Introduction

The pathology of progressive brain radiation necrosis (BRN) primarily includes inflammation and angiogenesis in which cytokines, chemokines, and vascular endothelial growth factor are upregulated [1,2,3,4,5,6,7]. Inflammation and angiogenesis account for the breakdown of the blood–brain barrier, resulting in contrast-enhanced lesions and perilesional edema. Nevertheless, recurrent tumors also displayed these findings on computed tomography (CT) and magnetic resonance image (MRI). Distinguish between BRN and tumor progression (TP) is rather challenging on conventional radiological imaging. In addition, surgical removal of tissue samples is invasive even in cases of stereotactic biopsies, although pathological diagnosis remains the gold standard. Moreover, needle biopsy poses a risk of misdiagnosis because BRN is typically a heterogeneous lesion, with coexisting radiation necrosis and tumor cells [8]. Ideally, BRN is diagnosed by relatively less-invasive radiological examinations that evaluate the whole lesion, compared with needle biopsy. Recently, bevacizumab was shown to markedly reduce brain edema and improve patients’ clinical statuses, and is a promising and novel treatment for BRN [9,10,11,12]. As bevacizumab delays the surgical wound healing, patients diagnosed with BRN by surgical biopsy need to wait for wound healing before the bevacizumab administration. However, bevacizumab could be administered immediately after the diagnosis of BRN by noninvasive radiological imaging studies.

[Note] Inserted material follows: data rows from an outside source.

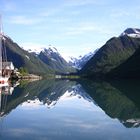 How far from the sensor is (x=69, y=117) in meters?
34.9

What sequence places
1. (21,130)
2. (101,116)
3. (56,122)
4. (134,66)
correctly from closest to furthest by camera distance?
(21,130) → (56,122) → (101,116) → (134,66)

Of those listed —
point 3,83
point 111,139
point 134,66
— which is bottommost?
point 134,66

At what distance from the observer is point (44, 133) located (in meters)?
25.0

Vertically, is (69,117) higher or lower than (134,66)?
higher

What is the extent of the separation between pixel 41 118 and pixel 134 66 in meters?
170

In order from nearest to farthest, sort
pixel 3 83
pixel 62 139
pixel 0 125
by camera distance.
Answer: pixel 62 139
pixel 0 125
pixel 3 83

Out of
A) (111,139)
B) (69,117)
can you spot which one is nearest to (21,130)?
(111,139)

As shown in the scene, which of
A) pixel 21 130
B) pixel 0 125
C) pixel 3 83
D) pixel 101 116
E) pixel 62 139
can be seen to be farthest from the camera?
pixel 3 83

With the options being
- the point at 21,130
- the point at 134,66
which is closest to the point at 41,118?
the point at 21,130

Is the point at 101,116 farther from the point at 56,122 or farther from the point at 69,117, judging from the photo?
the point at 56,122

The last several decades have witnessed an upsurge of various functional images and nuclear medicine studies that have developed and seem useful for differentiating between BRN and TP. For example, MR spectroscopy (MRS) and diffusion-weighted images (DWI) offer qualitative data without using contrast media. Perfusion images depict cerebral blood flow or volume (CBV) using contrast media. In addition, single photon emission CT (SPECT) and positron emission tomography (PET) display metabolic data using various tracers. Despite these radiological imaging studies being useful for differentiating between BRN and TP, it remains unclear which imaging study is preferable. Hence, this systematic review aims to illustrate the diagnostic accuracy of radiological imaging for differentiation between BRN and TP.

Methods

Search strategy

We conducted a systematic review based on the directives of the Preferred Reporting Items for Systematic Reviews and Meta-Analysis statement (PRISMA) [13]. Our review question (RQ) was structured using the patient, exposure, comparison, and outcome (PECO) approach. Our RQ was, “Are radiological imaging studies useful for distinguishing BRN from TP in brain tumor patients treated with radiotherapy who exhibit clinical or radiological disease progression?” Regarding radiological examinations, although many hospitals own CT and MRI equipment, SPECT and PET are less common. Hence, we categorized the radiological examinations into the following two groups: CT and MRI as conventional radiological imaging (RQ1) and SPECT and PET as nuclear medicine imaging (RQ2). Our medical librarians conducted a comprehensive systematic search using the PubMed, Cochrane Library, and Japan Medical Abstracts Society databases, up to March 2015. Additional file 1 presents the keywords used to complete the search. Regarding PET, several new tracers have been developed in recent years; however, these are too early to assess the diagnostic ability of differentiation between BRN and TP because numerous studies are required for systematic review. Hence, “fluorodeoxyglucose”/“FDG” and “amino acid”/“methionine” were included in the keywords. These tracers have been used since long, and an adequate number of studies are expected to be identified for the systematic review. Two reviewers (MF and KY for RQ1, and NN and TS for RQ2) screened and determined studies to be included for each RQ. Eligible studies investigated the diagnostic accuracy of radiological imaging methods for differentiation between BRN and TP and were written in English or Japanese. Eligible participants were patients who underwent radiotherapy for brain tumors. However, we excluded case reports, letters to the editor, and conference abstracts, as well as studies without sufficient information for construction of a 2 × 2 table.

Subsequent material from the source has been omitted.